### ASSIGNED TASK
Write out nothing except the lines of the entries below, from the first through the one containing "Religious Christian Wildflower", exactly and without pictures.

::: GIVEN INFORMATION :::

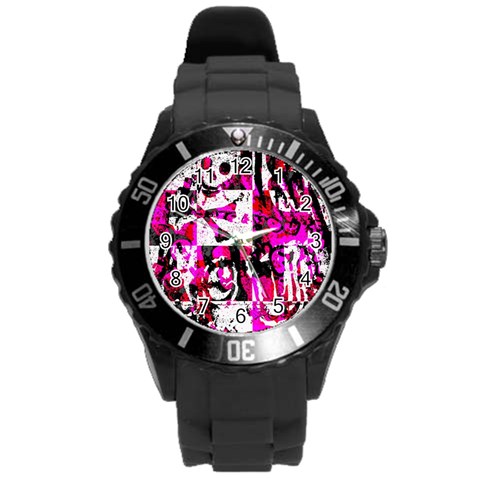 Pink Checker Graffiti Round Plastic Sport Watch Large from ArtsNow.com Front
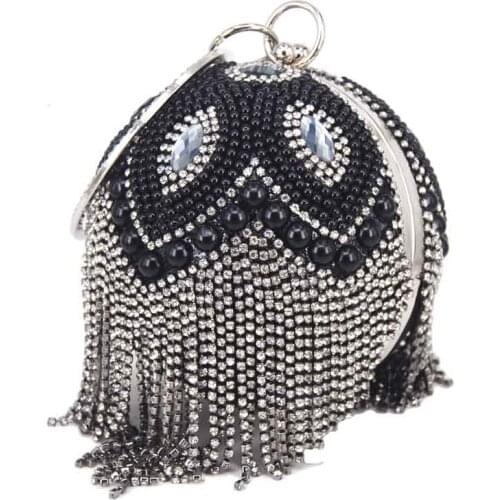 Ball Designer Crystal Tassel Luxury Crystal Bags roundness Clutch Bags Women Handbags Evening Bags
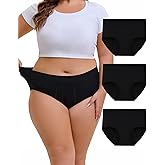 INNERSY Women's Period Underwear Plus Size Heavy Flow High Waisted Cotton Leak Proof Menstrual Panties 3-Pack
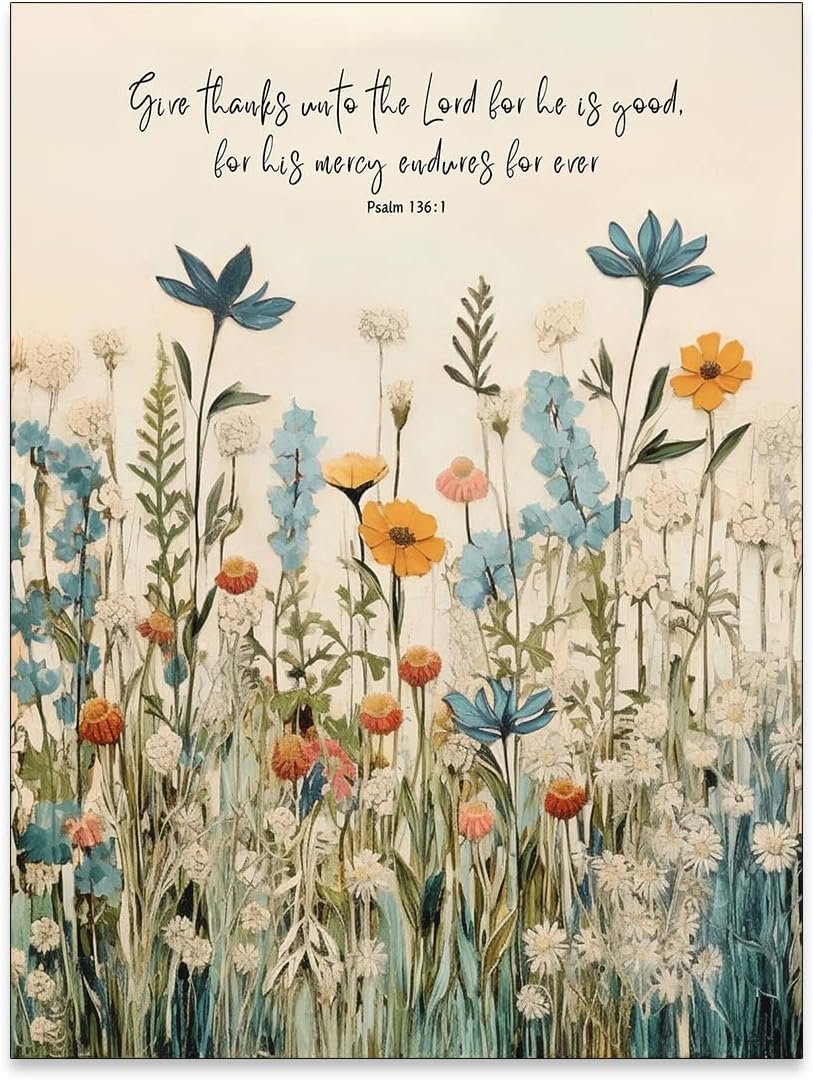 Religious Christian Wildflower Wall Art Bible Verse Scripture Poster Vintage Botanical Canvas Prints for Apartment Bedroom Gallery Wall Decor 12X16 inch Unframed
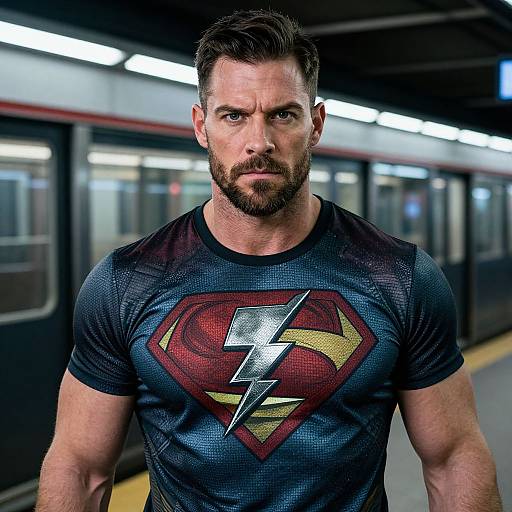 Photograph of a muscular, bearded man with short brown hair, wearing a black Superboy t-shirt with a red Superman lightning bolt logo, standing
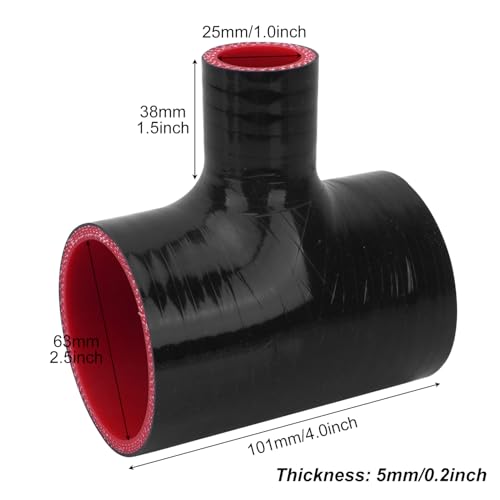 RIAYOOE T-Piece Silicone Hose, 3-Way for BOV Coupler Blow Off Valve Tube Adapter, ID=2.5" (63mm), Spout ID=1" (25mm), Length 4" (101mm), Wall Thickness= 0.2" (5mm), 4-Ply by RIAYOOE - Used condition - Image 3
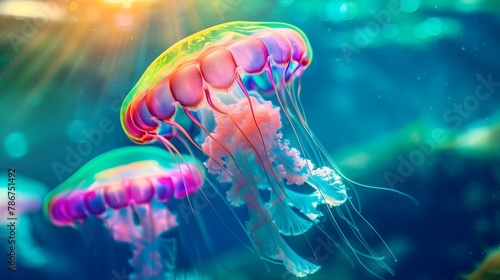 A vibrant jellyfish swimming underwater with a colorful, bokeh light background. photo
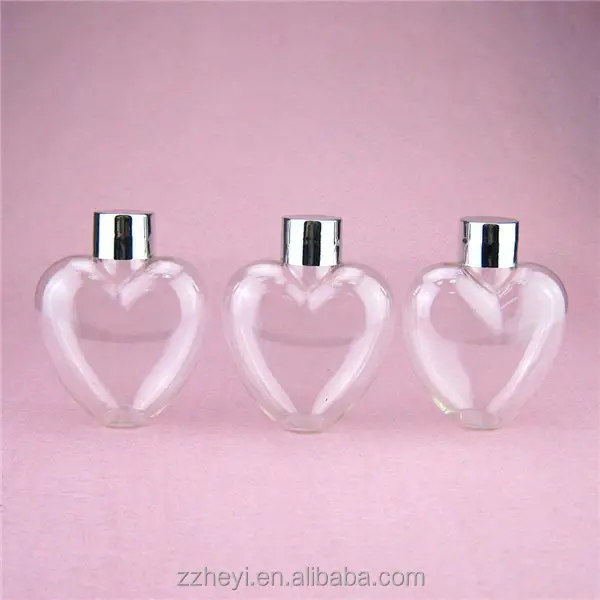 clear 70ml heart shaped plastic bottles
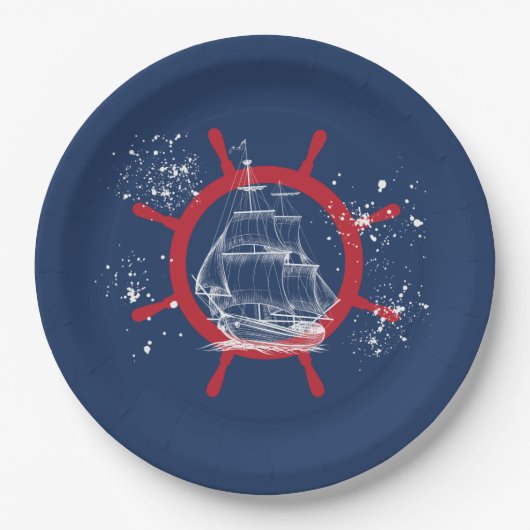 パーティー航海のサイルボートブルー ペーパープレート (正面)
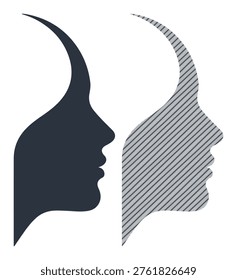 Stylized abstract human face profile, presented as a solid dark silhouette and a diagonal striped design.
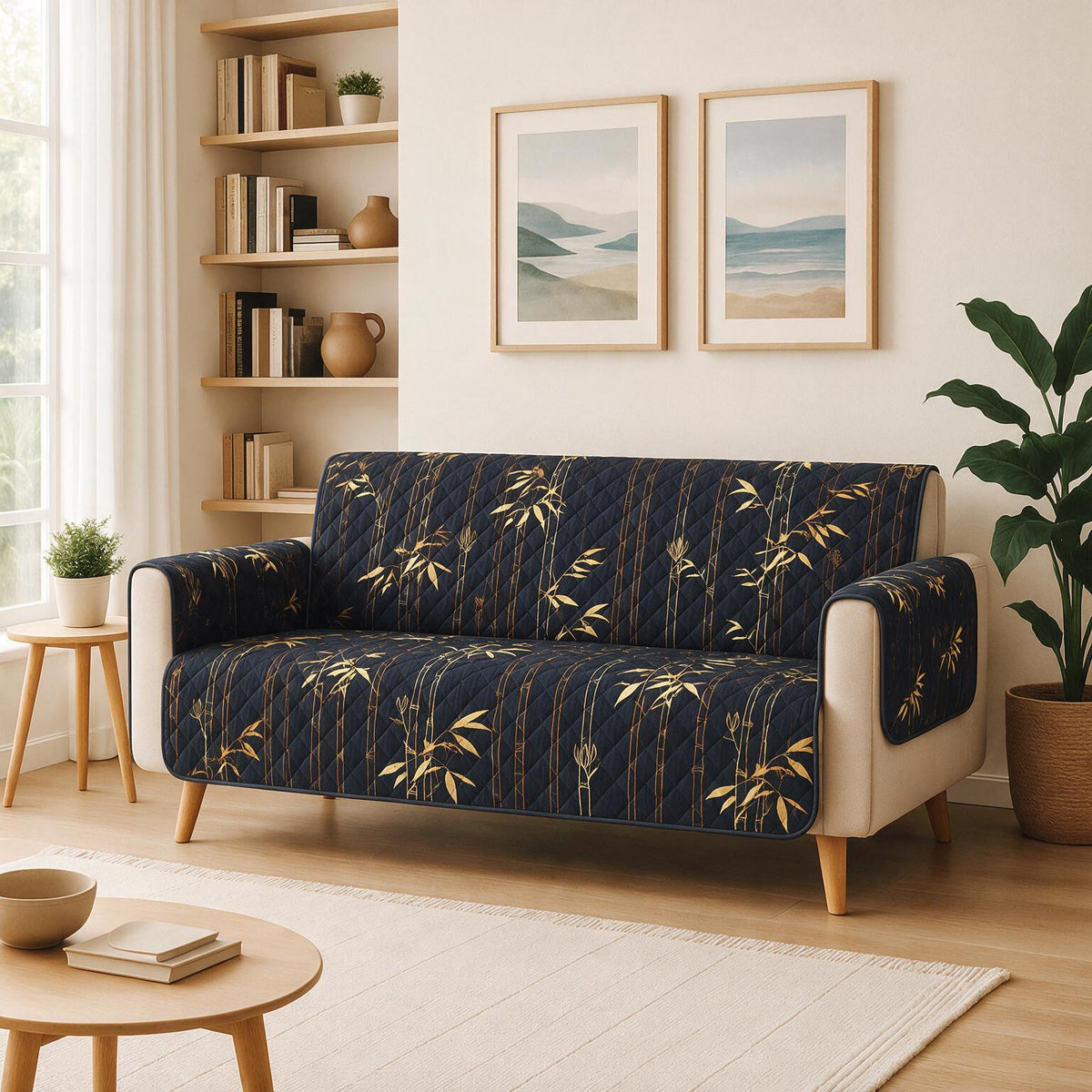 3 Seater Sofa Cover | Non Slip Base | Midnight Bamboo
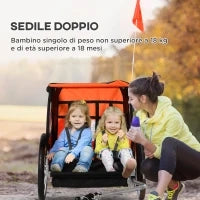 Rimorchio Bici Bambini con 2 Posti, 2 Cinture di Sicurezza, Telaio in Acciaio e Copertura in Tessuto Oxford Arancione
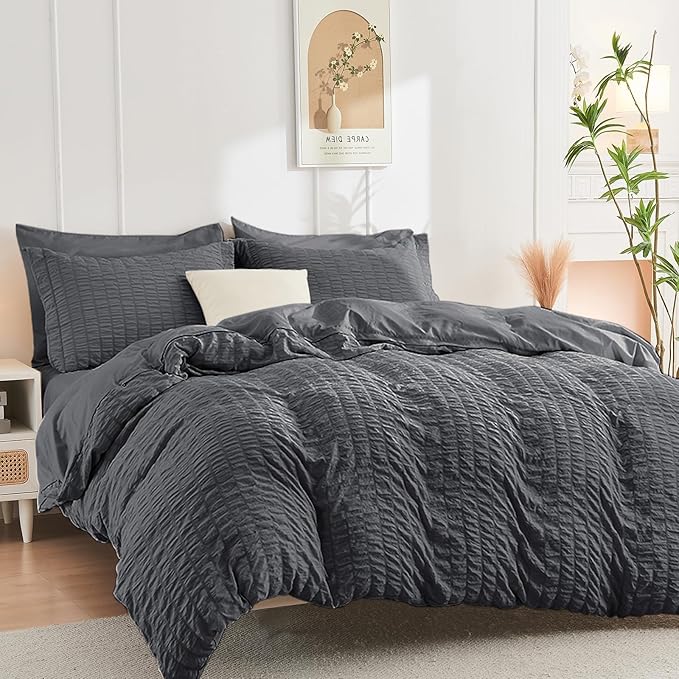 HYMOKEGE Dark Grey Duvet Cover Full Size, Ultra Soft 3-Piece Seersucker Duvet - Image 4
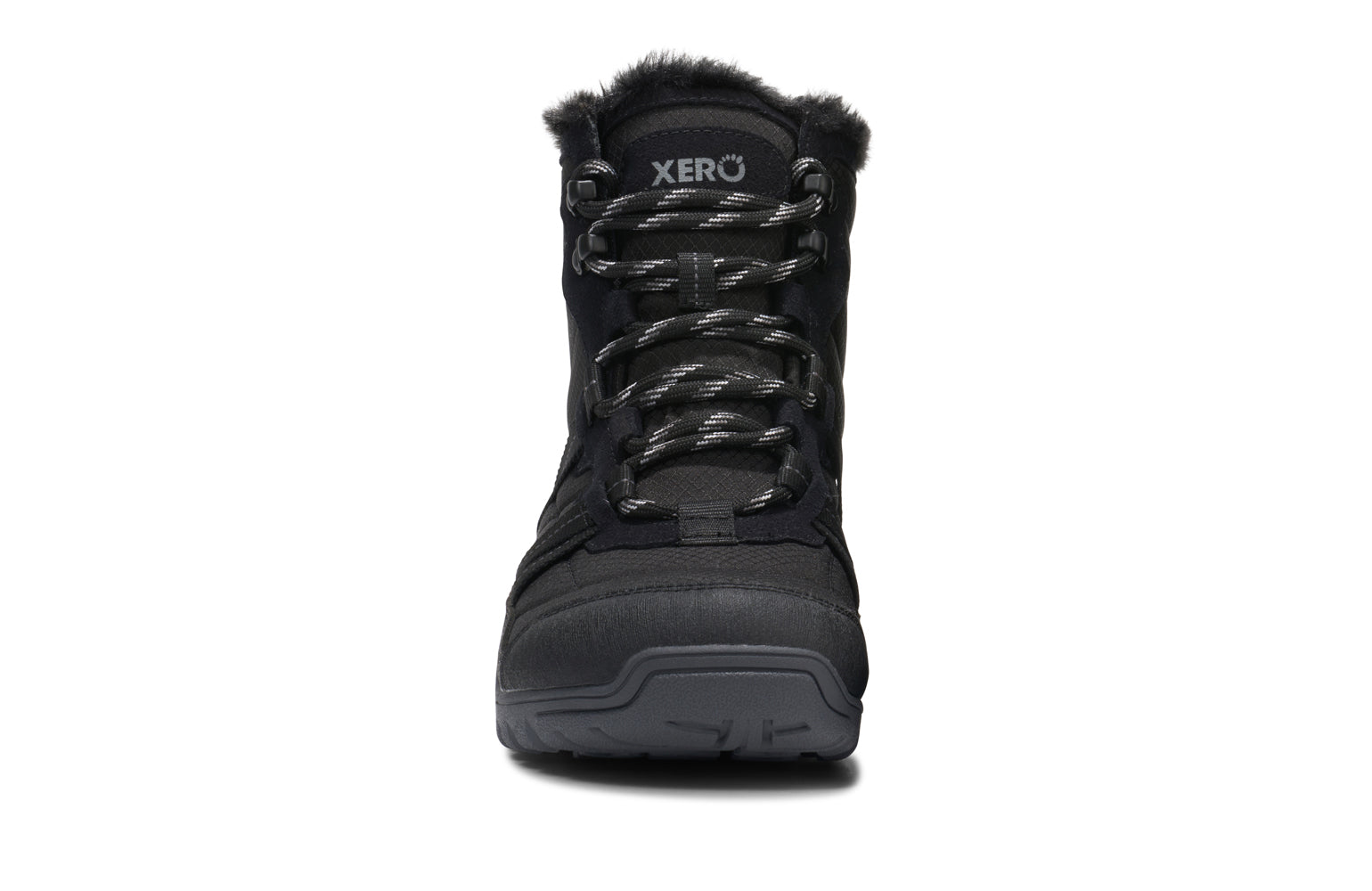 Black winter boot with Xero branding on a white background. Tru Stride Co brings Xero Shoes to Canada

:::

### EXPECTED ANSWER
 Pink Checker Graffiti Round Plastic Sport Watch Large from ArtsNow.com Front
 Ball Designer Crystal Tassel Luxury Crystal Bags roundness Clutch Bags Women Handbags Evening Bags
 INNERSY Women's Period Underwear Plus Size Heavy Flow High Waisted Cotton Leak Proof Menstrual Panties 3-Pack
 Religious Christian Wildflower Wall Art Bible Verse Scripture Poster Vintage Botanical Canvas Prints for Apartment Bedroom Gallery Wall Decor 12X16 inch Unframed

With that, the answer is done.